The order for the last few months has been, “For your safety and the safety of others, please stay at home.” COVID-19 has brought monumental challenges to this world and smaller challenges to my personal world.
My daily life right now consists of three basic postures: (1) facing-the-daily- grind kind of things, (2) trying to stay in tune to His voice, and (3) trying to trace His hand in the events that are taking place.
And I am content. It is not that life is easy, but I find I have interior-ized something that my Russian mentor, Catherine de Heuck Doherty, taught me. In her book, Poustinia, Catherine was teaching the Western culture about the Eastern view of a hermitage. Not able to live in a secluded cabin as the old hermits did, we have the presence of God (our private little cabin) within us. I have carried that image for many years: My home is in me, so, in reality, I am always at home.

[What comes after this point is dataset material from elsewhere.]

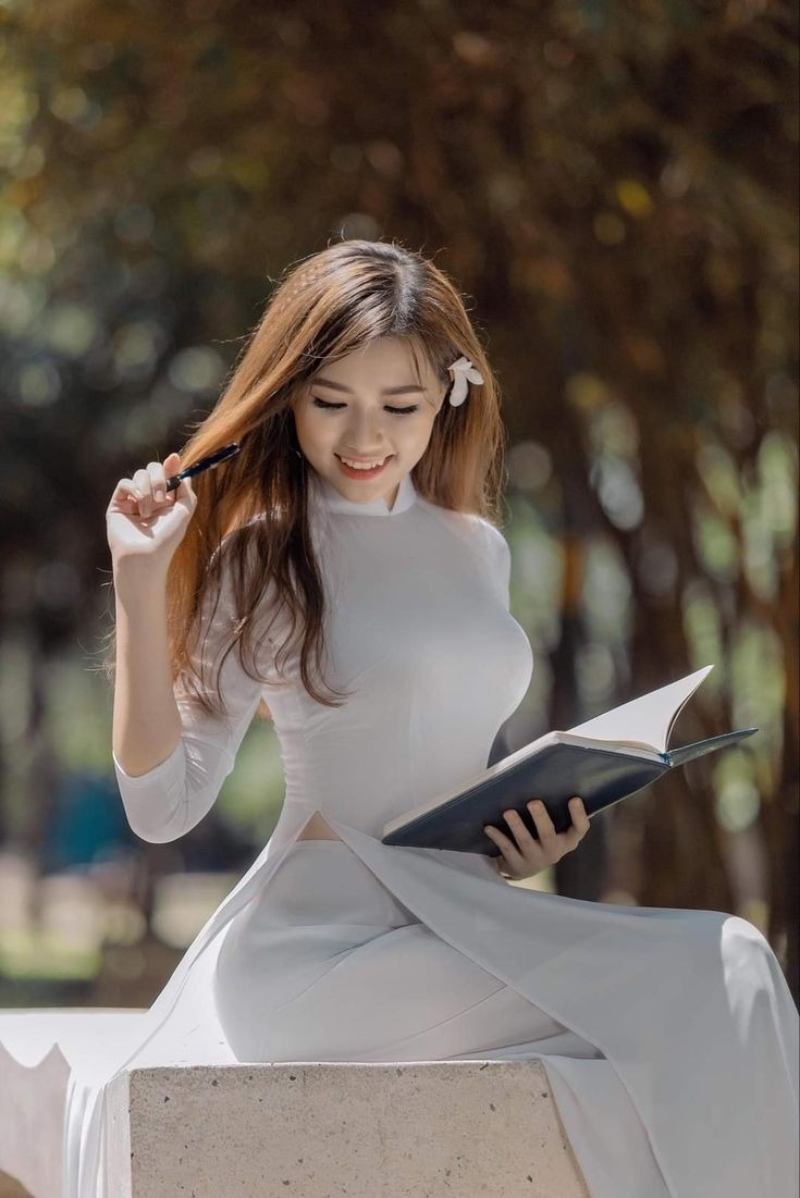 Gái xinh áo dài trắng ngồi trên ghế đá tay cầm cuốn sổ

I Am at home; He is at home in me (John 15:5). And this sovereign God who is at home in me has everything in HIs sovereignly control.
But . . . I am still faced with living out the daily grind of the (almost) house-bound existence.

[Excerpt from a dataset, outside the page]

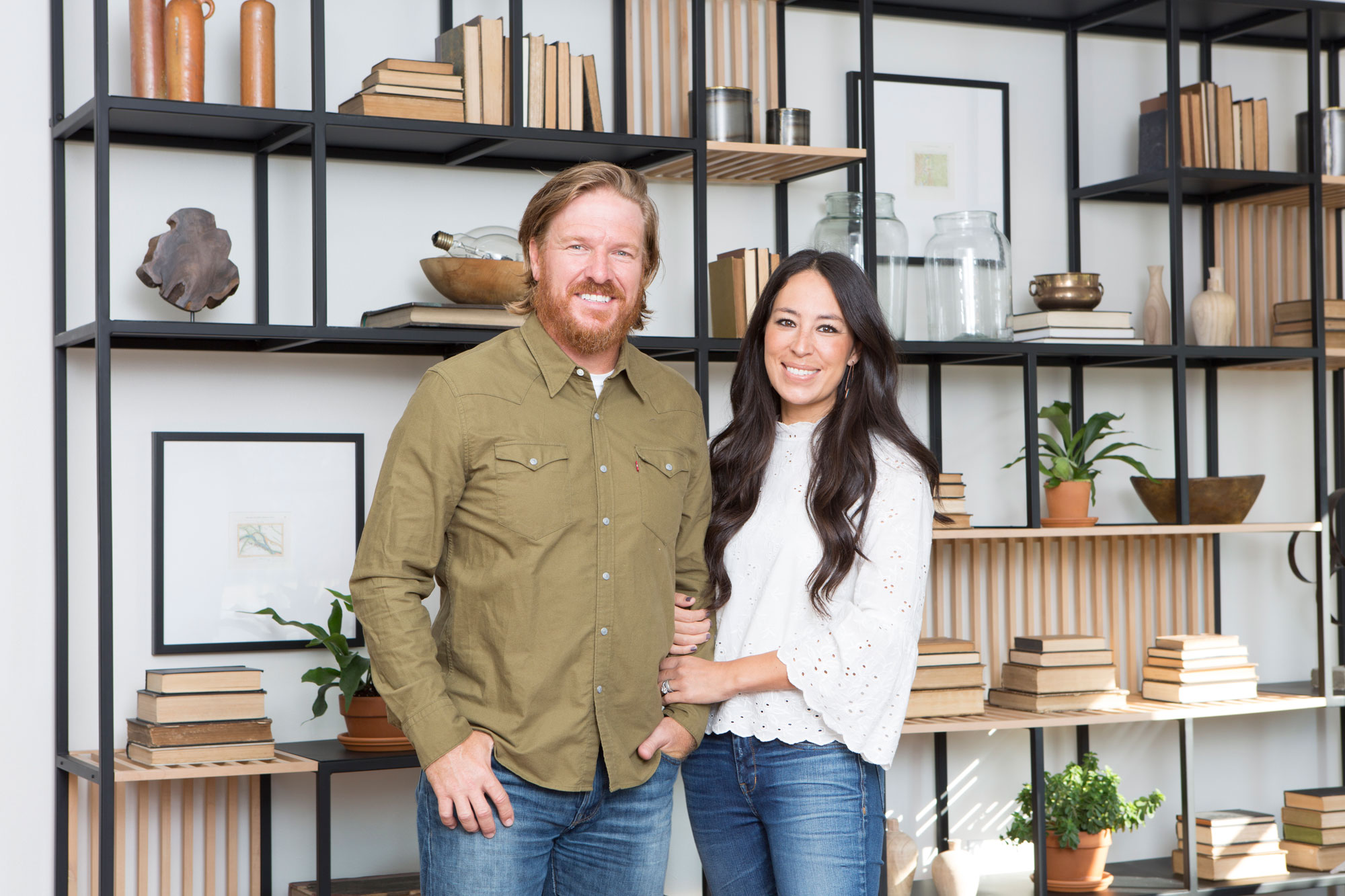 Chip and Joanna Gaines standing in front of a book shelf, posing for a photo.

Days get confusing. Ooops, this is Thursday. We forgot to put the trash out.
I order my groceries only to find out I must wait over a week for a pick-up time.
I am looking at the Brady-bunch style of Zooming with my friends when I would rather be welcoming them into my home with a warm hug.
I wave at my neighbors driving down Kitten Creek Road, but I really have no idea how they are doing during this difficult time.
I wander around the house in a fog at times, not motivated to mop the floor, dust the furniture, or wash the windows (even though they need it) because I can do it tomorrow or the next day or the next day or the next day and no one is coming anyway.
Yet, I love my house, and I am at Home. The Spirit of God ministers peace, contentment, and yes, even joy.
My second posture is to attempt to stay in tune with the voice of God. For me, that means getting up early in the morning when I can savor a time of solitude with the Word. I need to hear His voice to cancel out the noise of the media that shouts alarming and sometimes/constantly(?) untruthful messages.
My good-old Poustinia book speaks once again to me here:
Stand still, and allow the deadly restlessness of our tragic age to fall away like the worn-out, dusty cloak that it is. . . Stand still, and lifting your hearts and hands to God, pray that the mighty wind of his Holy Spirit may clear all the cobwebs of fears, selfishness, greed, and narrow-heartedness away from your soul. Pray that his tongues of flame may descend to give you the courage to begin again. All this standing still can be done in the midst of the outward noise of daily living and the duties of state in life. For it will bring order in the soul, God’s order, and God’s order will bring tranquility (45).
The third posture that I take is to lean into the sovereignty of God. I am limited to a very mortal body. I cannot possibly address all of the pain in my world. However, with prayer, I can take that phone call from a heart-broken friend; I can encourage my friends who are suffering from low self-esteem, anxiety, fear with words of encouragement; I can practice patience and share love with my dear extroverted husband as we work through our house-boundedness together.
As I wait in the midst of it all, I can repeat, “I wonder what God is doing now?”